Per dire a tutti noi: "Abbassatevi, inchinatevi, lì ci sono io, lì c'è il segno della vita. Onoratela nei piccoli, negli scartati della storia, onoratela nelle piccole cose". "Io" - dice - "sono uno che non ha trovato posto, onorate inchinatevi davanti a coloro ai quali una società non vuole dare posto. Per la mia nascita non c'era posto e, subito nato, mi sono trovato migrante per sfuggire all'odio e alla violenza. Un paese è vero paese ed è veramente felice quando, come si fa nelle nostre case ci si stringe, per fare posto.

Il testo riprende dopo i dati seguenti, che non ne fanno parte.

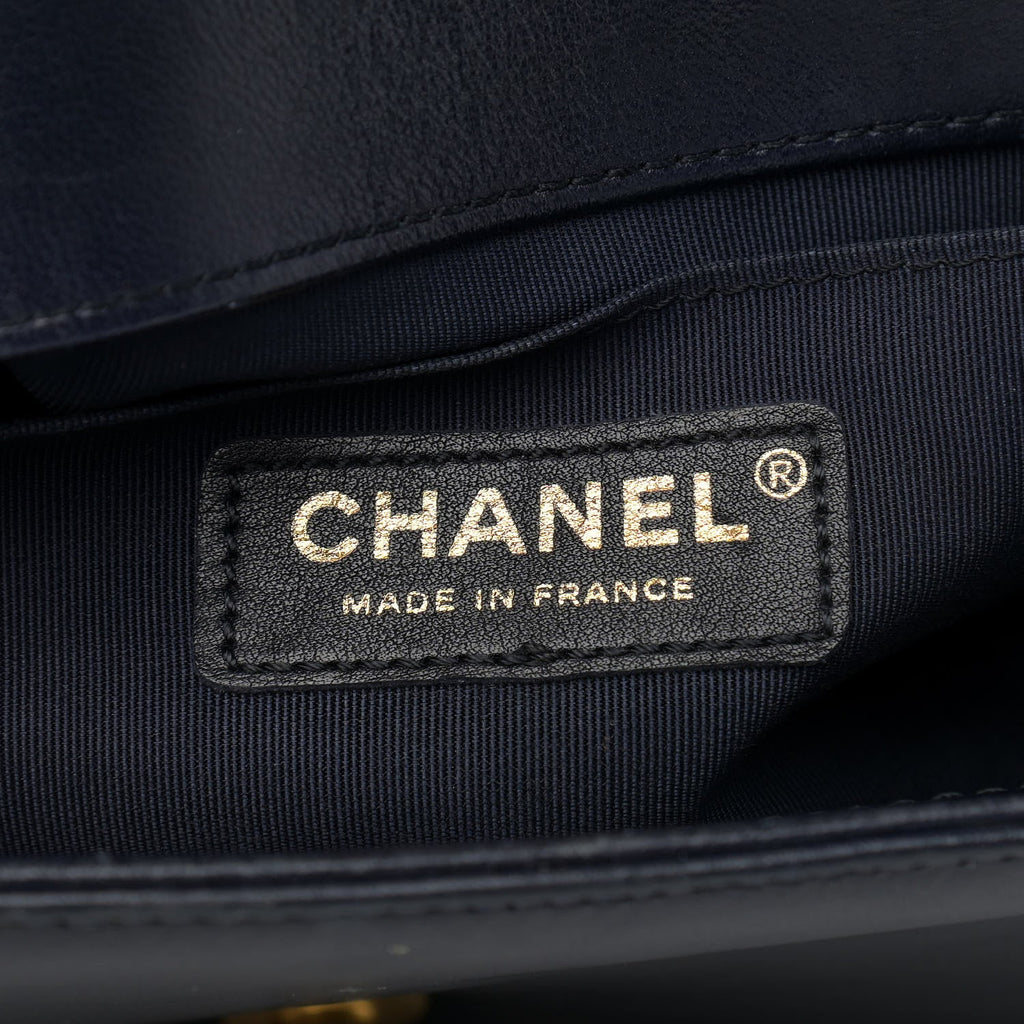 CHANEL LAMBSKIN QUILTED MEDIUM BOY FLAP BAG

Benedette le case e i paesi! Dio è in basso. E da un lato mi prende gratitudine, per un Dio che si è abbassato perché non ci toccasse paura a guardarlo dal basso in alto. Per amore si è fatto uno di noi e non superuomo, piccolo. Sosto al presepe. Penso al suo viaggio di discesa. Mi prende emozione. Si è chinato. Ricordo l'emozione che mi prese, anni e anni fa, in un mio viaggio in terra santa, una sera al tramonto:

Gli occhi perduti nel rosseggiare dolce e silente di assorti orizzonti interroghi l'incendio dei cieli quasi tinti di brividi di tenerezza che fanno sospeso il cuore e sfiori l'inatteso miracolo di un Dio che qui ha inclinato i suoi cieli fino a baciare la terra.

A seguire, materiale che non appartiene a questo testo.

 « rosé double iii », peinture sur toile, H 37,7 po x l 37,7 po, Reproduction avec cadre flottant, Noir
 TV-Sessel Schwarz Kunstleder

Ma vorrei aggiungere che "scendere", "abbassarsi", "inchinarsi", se ci pensate bene, sono verbi compagni di viaggio del verbo amare, che forse troppo disinvoltamente ci capita di usare, che troppo disinvoltamente capita a me di predicare.

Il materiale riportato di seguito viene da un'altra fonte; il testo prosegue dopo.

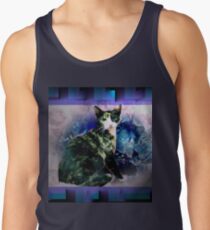 Tortoise shell cat by blue flowers Tank Top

Scendi, abbassati, inchinati, fa' spazio. Son i verbi da fare nostri dopo averli visti nel bambino del presepe. Pensate, già nel 1919 in una sua poesia-preghiera che vi reciterò maldestramente in romanesco Trilussa ci metteva in guardia dal tradimento del Natale e scriveva:

Ve ringrazio de core, brava gente, pé 'sti presepi che me preparate, ma che li fate a fa? Si poi v'odiate, si de st'amore non capite gnente... Pé st'amore so nato e ce so morto, da secoli lo spargo dalla croce, ma la parola mia pare 'na voce sperduta ner deserto, senza ascolto. La gente fa er presepe e nun me sente; cerca sempre de fallo più sfarzoso, però cià er core freddo e indifferente e nun capisce che senza l'amore è cianfrusaja che nun cià valore.

Dal presepe una voce, quella di Gesù, sembra dire - le parole sono di una poetessa, Wislawa Szymborska -: "Ascolta come mi batte forte il tuo cuore". Ascolta.